Hydronic stalwarts and RPA supporters who participated in the tradeshow included Apricus Solar, Caleffi North America, Daikin McQuay, Electro-Plastics, FLIR, Fluke, Grundfos Pumps, Mr. PEX Systems, Noble, Radiant Complete, Rheem, Roth America, Taco, Uponor, Viega, Warmboard, Webstone, Wilo USA, and both of the code bodies, International Association of Plumbing & Mechanical Officials and the International Code Council.

One of the RPA seminars featured contractor Dave Yates, F.W. Behler, York, Pa., and CONTRACTOR columnist, explaining how to sell high efficiency equipment even while being the high bidder.

Yates began by noting that comfort problems in a house created by a large single zone would typically be addressed by installing zone dampers and a bypass zone. While that might handle comfort problems, it doesn’t reduce energy use and operating costs. The way to do that, Yates said, is to switch to a European mindset that you only heat or cool the rooms that are occupied. He’s done that using mini-split air conditioners or heat pumps for 25-years without problems.

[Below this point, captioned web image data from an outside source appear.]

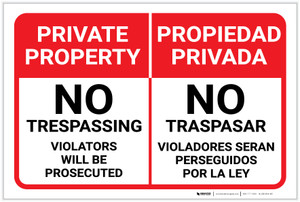 Private Property Bilingual Spanish Landscape - Label
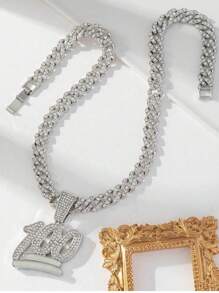 1 szt. Fajny modny naszyjnik z kryształkami w stylu hip-hop, odpowiedni dla mężczyzn i kobiet, do codziennego noszenia, na Boże Narodzenie, Nowy Rok, prezent na Walentynki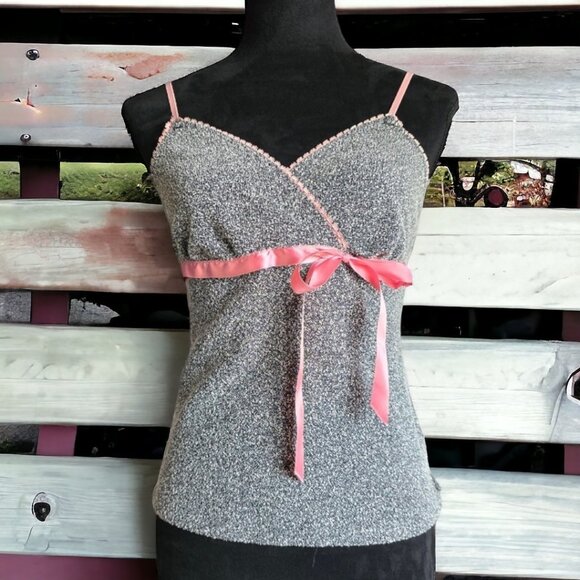Y2K VANITY Gray Tank with pink ribbon Size SMALL - Picture 1 of 6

New modulating inverter drive heat pumps are the future of the industry, he said. The way an inverter work is that it takes 220V single phase and converts it to 360V DC and then inverts it to 200V simulated three-phase. That allows infinite modulation, uses only the energy needed at the time, and allows heat pumps to work without auxiliary heat to temperatures below 0°F. Efficiencies are 26 SEER and 12 HSPF, in the range of geothermal heat pumps. Yates noted that geothermal heat pumps will soon use inverters themselves, increasing their efficiency by another 30%. Because rooms are conditioned with separate indoor units, some units on the market allow simultaneous heating and cooling in different rooms.

Electronically commuted motors have started a revolution, Yates said, which started with HVAC blower motors and has now moved to hydronic circulators. Now that the heating and cooling equipment modulates up and down, the pumps and blowers can follow along.

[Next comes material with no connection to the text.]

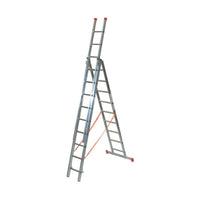 Mehrzweckleiter 3-teilig / 3 x 9 Sprossen / 2,93 m - 6,82 m
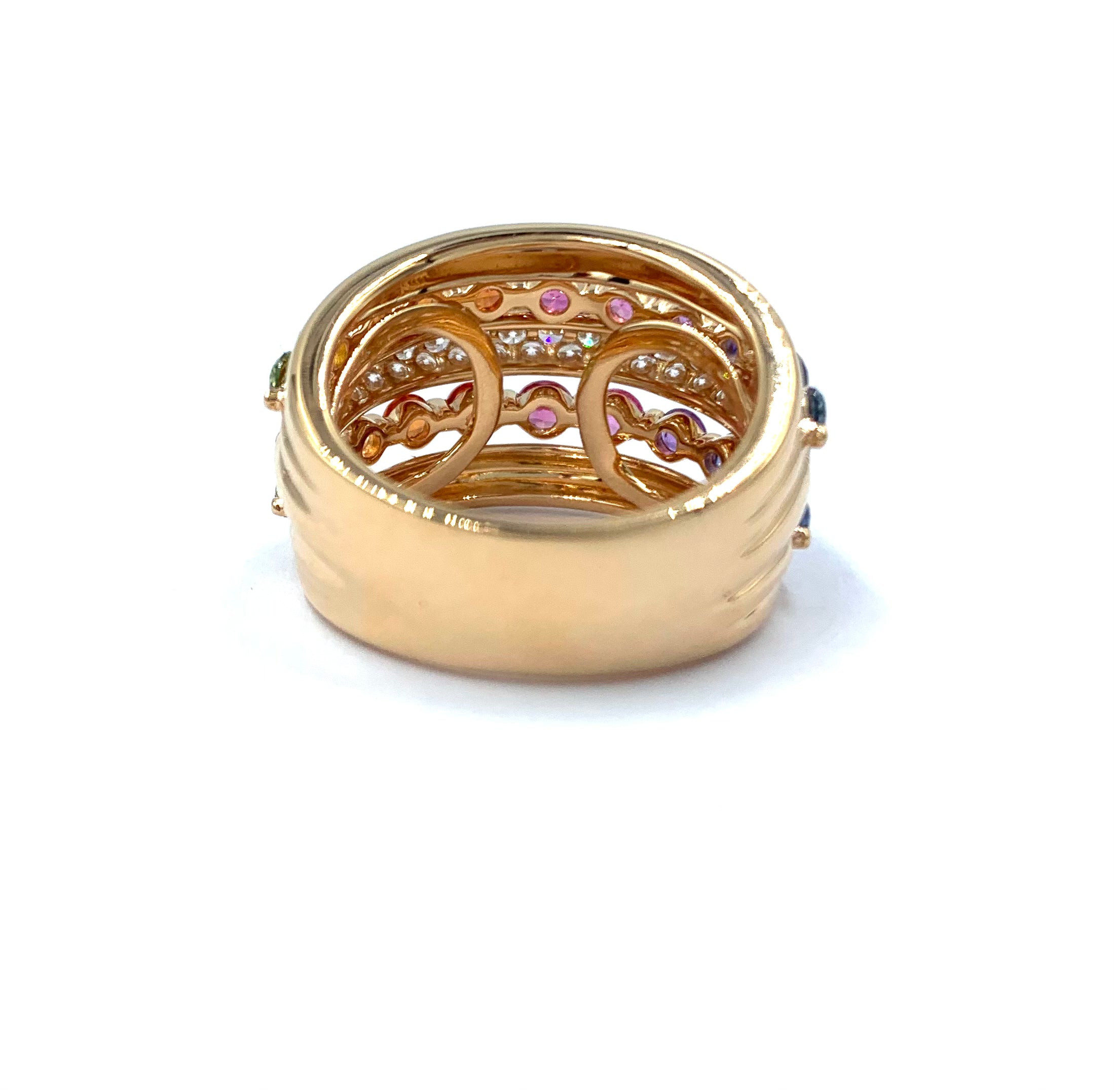 Multi Color. Sapphire Diamond Ring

Pump energy can be considerable, he noted. In the 10-zone hydronic experiment that is his own house, Yates discovered that circulators were using 1,186W when all 10 zones were on. He has switched to two ECM circulators and 10 3W zone valves, reducing his electric consumption for heat distribution by 93%. That discovery, he said, has altered the way he does business.

He sells high-efficiency equipment based on return on investment and a new term he invented, Energy Conservation Value. Energy Conservation Value, or ECV, is the annual cost savings from high efficiency equipment. Yates doesn’t give customers a price for equipment and leave it at that — that makes the equipment a commodity. Instead he focuses on the difference in price between a standard offering and a high-efficiency product and on the operating cost difference between the two.

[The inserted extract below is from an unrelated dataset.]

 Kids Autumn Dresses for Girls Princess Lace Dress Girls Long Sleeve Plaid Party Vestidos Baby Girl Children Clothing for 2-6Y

His formula is to take the difference in operating costs and divide it by the difference in selling price to get to ROI. For example, a 95% efficient boiler may cost $2,500 more than an 82% efficient boiler. If the high efficiency boiler can modulate down to low temperatures as opposed to 180°F, it can save $1,000 per year in operating costs. The $1,000 in savings divided by the $2,500 price difference is 0.4, and 0.4 x 100 = 40% ROI.

Simple payback in this case is two and half years, but that’s if fuel costs don’t rise and they typically increase by 5% a year. Yates always shows customers the effect of increasing fuel costs on operating costs over a 20-year period. Yates ran the numbers on his own mechanical room change-out that cost him $3,485. Over a 20-year period he is avoiding paying $15,644 to the electric company for an average ROI of 24.67%.

On new construction the savings and ROI would be better, he said.